Connecticut Superior Court, Judicial District of New Haven at New Haven
May 21, 1998
1998 Ct. Sup. 6483 (Conn. Super. Ct. 1998)

Opinion

No. CV97 0396806

May 21, 1998


MEMORANDUM OF DECISION RE MOTION TO STRIKE #102


The Plaintiff, Christopher Anastasio, began his employment as Maintenance Supervisor with the Knights of Columbus (KC) on April 17, 1995. He worked at KC headquarters in New Haven and "reported" to the Facilities Manager, Biagio Gulino. On November 20, 1996, Anastasio was terminated by Gulino, who Anastasio alleges, was acting within the scope of his employment and on behalf of KC at all relevant times. He subsequently filed this four count wrongful discharge complaint.

In the first count, Anastasio alleges intentional infliction of emotional distress. He alleges negligent infliction of emotional distress regarding the termination of his employment in the second count. In the third count, Anastasio claims a breach of an employment contract between himself and KC. Finally, the fourth count alleges that the termination of Anastasio's employment was undertaken in violation of public policy.

The defendants have now moved to strike all four counts of Anastasio's complaint. They seek to strike the first count, which alleges intentional infliction of emotional distress, on the ground that Anastasio fails to allege "extreme and outrageous" conduct by Gulino. As to the second count, alleging negligent infliction of emotional distress, KC and Gulino contend that Anastasio fails to allege unreasonable conduct directed at Anastasio by KC and Gulino during the termination process itself. KC and Gulino also move to strike the third count, which alleges a breach of contract, on the ground that Anastasio fails to allege that they intended to be bound by any alleged "agreement" and also because Anastasio signed a specific disclaimer of any oral contract when he applied for the position. Finally, the defendants claim that the fourth count fails to identify any important public policy recognized under Connecticut law.
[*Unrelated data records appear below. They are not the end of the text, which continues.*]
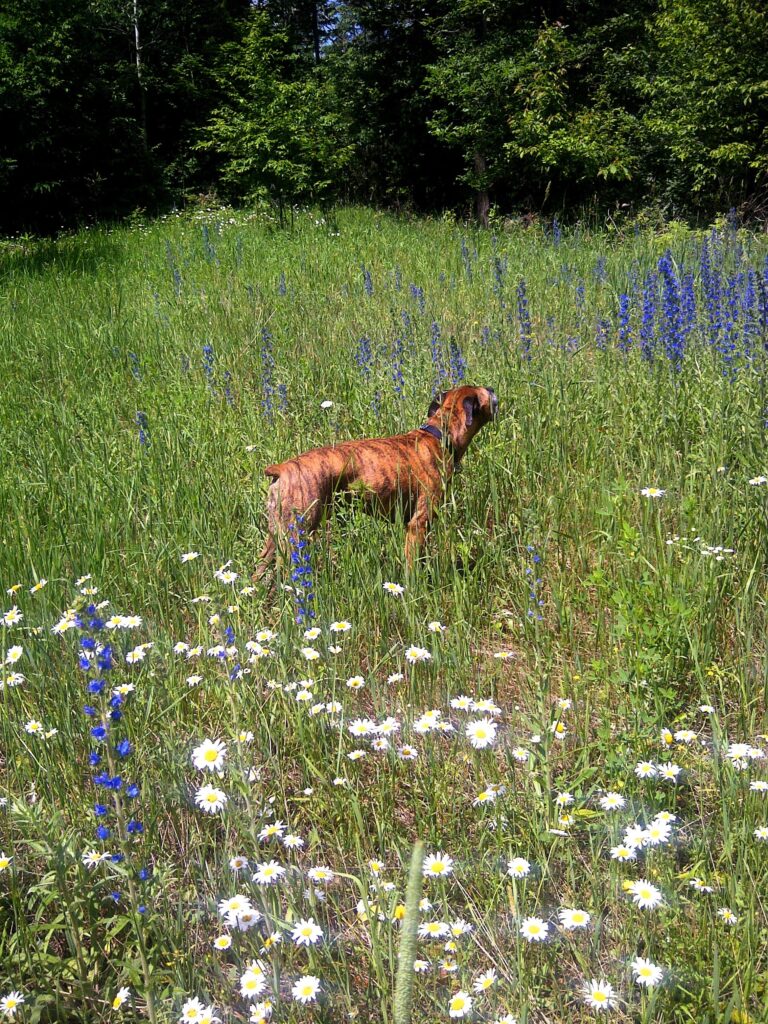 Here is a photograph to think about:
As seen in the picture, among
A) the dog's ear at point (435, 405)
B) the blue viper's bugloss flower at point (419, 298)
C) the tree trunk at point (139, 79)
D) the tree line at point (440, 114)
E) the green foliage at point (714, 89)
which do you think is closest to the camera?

The motion was originally argued before Hon. Leander Gray on December 1, 1997. Judge Gray's term of office expired, however, before he could render a decision, and the undersigned reassigned the case to himself for rehearing and determination.

"The purpose of a motion to strike is to contest . . . the legal sufficiency of the allegations of any complaint . . . to state a claim upon which relief can be granted." (Internal quotation marks omitted.) Faulkner v. United Technologies Corp., 240 Conn. 576, 580, 693 A.2d 293 (1997). The court is limited to the facts alleged in the plaintiffs' complaint in ruling on a motion to strike, and the court construes such facts in a light most favorable to the plaintiff. Id. "[F]or the purpose of a motion to strike, the moving party admits all facts well pleaded." RK Constructors, Inc. v. Fusco Corp., 231 Conn. 381, 383 n. 2, 650 A.2d 153 (1994). "This includes the facts necessarily implied and fairly provable under the allegations. . . . It does not include, however, the legal conclusions or opinions stated in the complaint." (Citation omitted.) Forbes v. Ballaro, 31 Conn. App. 235, 239, 624 A.2d 389 (1993). "If facts provable in the complaint would support a cause of action, the motion to strike must be denied." (Internal quotation marks omitted.) Faulkner v. United Technologies Corp., supra, 240 Conn. 580.
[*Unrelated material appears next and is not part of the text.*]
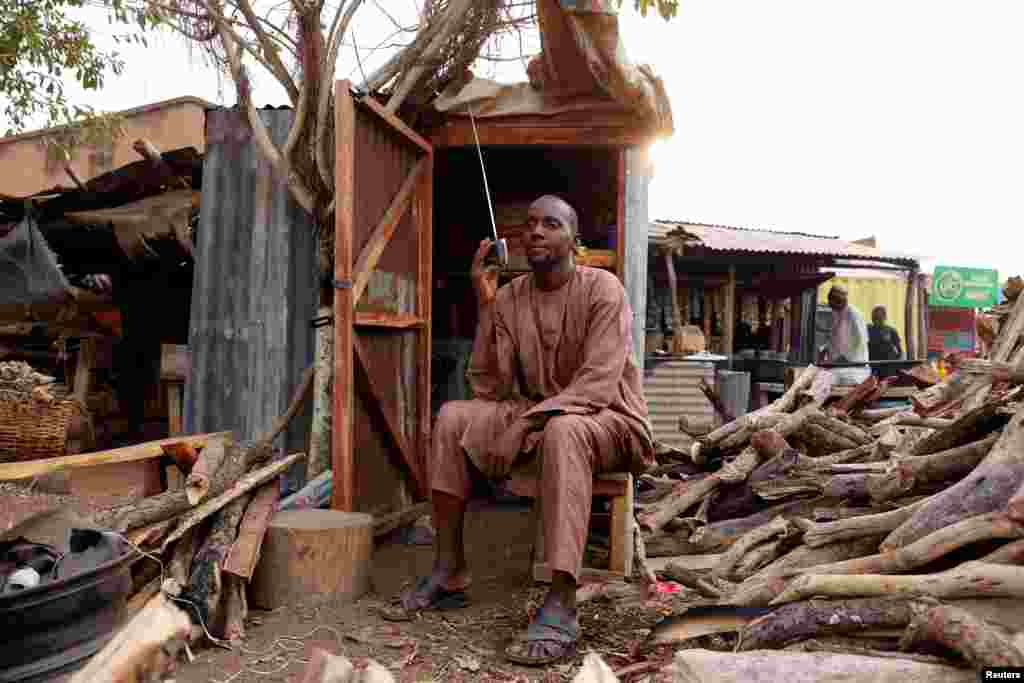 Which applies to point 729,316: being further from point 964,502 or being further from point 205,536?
point 205,536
First Count (Intentional Infliction of Emotional Distress)

To state a cause of action for intentional infliction of emotional distress, the plaintiff must allege "(1) that the actor intended to inflict emotional distress; or that he knew or should have known that emotional distress was a likely result of his conduct; (2) that the conduct was extreme and outrageous; (3) that the defendant's conduct was the cause of the plaintiff's distress; and (4) that the emotional distress sustained by the plaintiff was severe." (Internal quotation marks omitted.) Petyan v. Ellis, 200 Conn. 243, 253, 510 A.2d 1337 (1986). "Liability has been found only where the conduct has been so outrageous in character, and so extreme in degree, as to go beyond all possible bounds of decency, and to be regarded as atrocious, and utterly intolerable in a civilized community."(Internal quotation marks omitted.) Mellaly v. Eastman Kodak Co., 42 Conn. Sup. 17, 20, 597 A.2d 846 (1991). "Whether the defendant's conduct . . . [is] sufficient . . . is a question, in the first instance, for this court. Only where reasonable minds can differ does it become an issue for the jury." Id., 18.

"The extreme and outrageous character of the conduct may arise from an abuse by the actor of a position, or a relation with the other, which gives him actual or apparent authority over the other, or power to affect his interests." Mellaly v. Eastman Kodak Co., supra, 42 Conn. Sup. 20.

In count one, Anastasio alleges the following words and acts by Gulino which, according to Anastasio, amount to intentional infliction of emotional distress. He first claims that Gulino told him "that a superior should be the `enemy' of his subordinates and . . . that apology or minimally decent behavior to subordinates in the workplace was a sign of weakness." Complaint, ¶ 4. Next an argument between Gulino and a worker once escalated to the point where "Gulino, in [Anastasio's] presence but after the [worker] had left the area," ripped wires out of a computer. Complaint, ¶¶ 5-6. On a different occasion, Gulino "taunted" and "physically confronted" an employee in Anastasio's office and then in the hallway outside Anastasio's office. ¶ 7. In Anastasio's presence, Gulino also shoved a worker, thereby breaking his glasses. ¶ 8.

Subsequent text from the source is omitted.